Process Makes Polymers Truly Plastic
by Richard Merritt
DURHAM, N.C. -- Just as a chameleon changes its color to blend in with its environment, Duke University engineers have demonstrated for the first time that they can alter the texture of plastics on demand, for example, switching back and forth between a rough surface and a smooth one.
By applying specific voltages, the team has also shown that it can achieve this control over large and curved surface areas.
Scientists have long been able to create different patterns or textures on plastics through a process known as electrostatic lithography, in which patterns are “etched” onto a surface from an electrode located above the polymer.

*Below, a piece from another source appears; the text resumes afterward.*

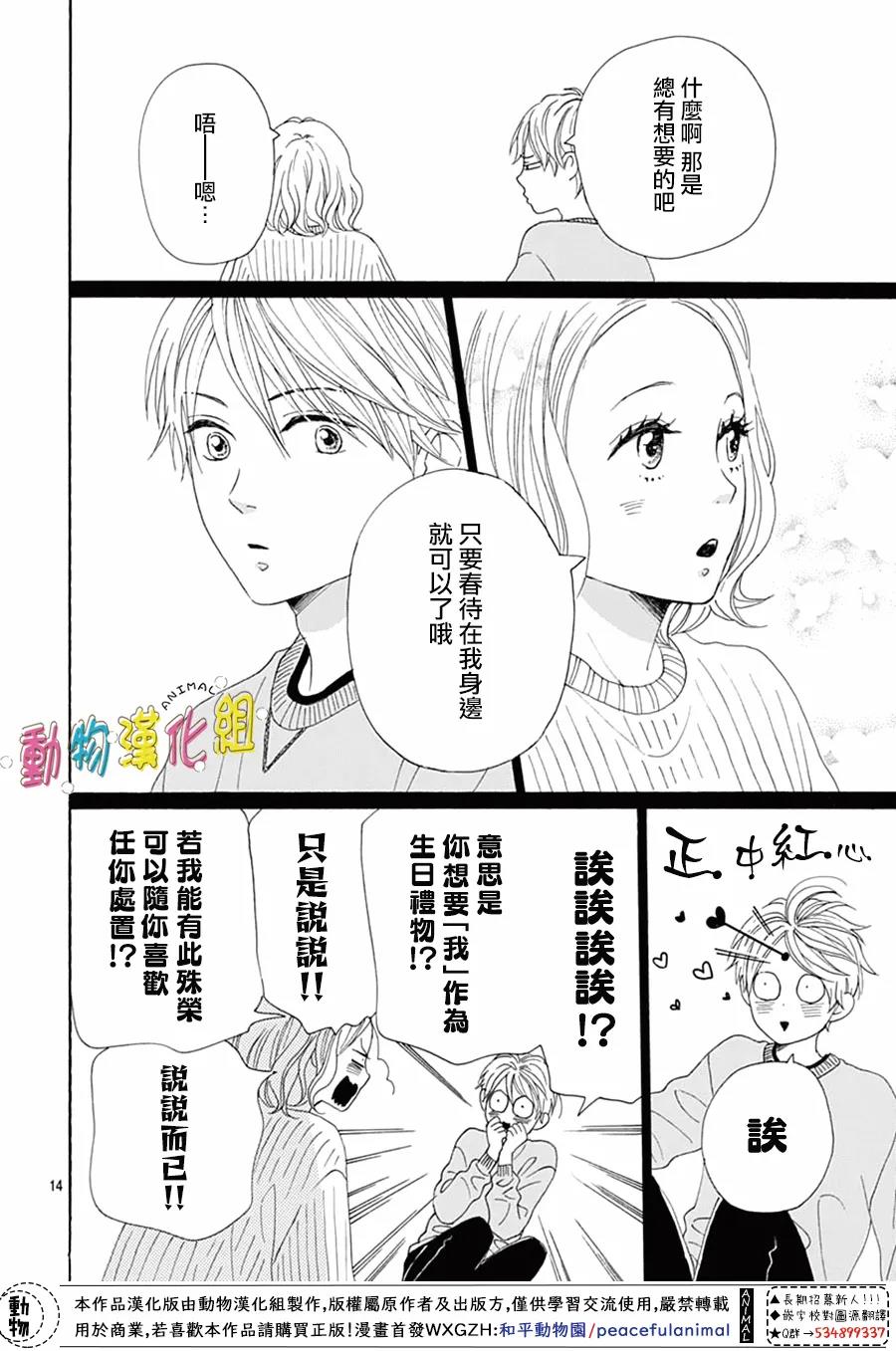 第20话13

However, once the patterns have been created by this method, they are set permanently.
“We invented a method which is capable of dynamically generating a rich variety of patterns with various shapes and sizes on large areas of soft plastics or polymers,” Zhao said. The results were published online in the journal Advanced Materials.
The findings follow Zhao’s earlier studies, which for the first time captured on videotape how polymers react to changing voltages. Those experiments showed that as the voltage increases, polymers tend to start creasing, finally leading to large craters. This explained in physical terms, for example, why polymers used to insulate electric wires tend to fail over time. The new lithography strategy takes useful insights from this failure mechanism.
On a more fanciful note, Zhao described the possibility of creating rubber gloves whose fingerprints could be changed on demand.
“The changeable patterns we have created in the laboratory include circles and straight and curved lines, which are basic elements of fingerprints,” Zhao said. “These elements can be dynamically patterned and changed on a glove surface that covers fingertips.
“A spy’s glove may be cool, but probably not for everyone,” Zhao said. “However, the same technology can produce gloves with on-demand textures and smoothness tuned for various applications, such as climbing and gripping. Furthermore, surfaces capable of dynamically changing patterns are also useful for many technologies, such as microfluidics and camouflage.”
Other potential usages of the new method include creating surfaces that are self-cleaning and water-repellant, or even as platforms for controlled-release drug-eluting devices.
This is beautiful basic research with a huge potential for applications, a new technology platform is developed that allows the
generation of dynamical patterns on large areas simply by theapplication of electrical voltages," said Siegfried Bauer, soft matter physics chair at the Johannes Kepler university in Linz, Austria.
The Duke study was supported by the Research Triangle Materials Research Science and Engineering Center, which is funded by the National Science Foundation, as well as the Lord Foundation and a Haythornthwaite Research Initiation grant.
Other members of the research team were Duke’s Mukarram Tahir and Jianfeng Zang.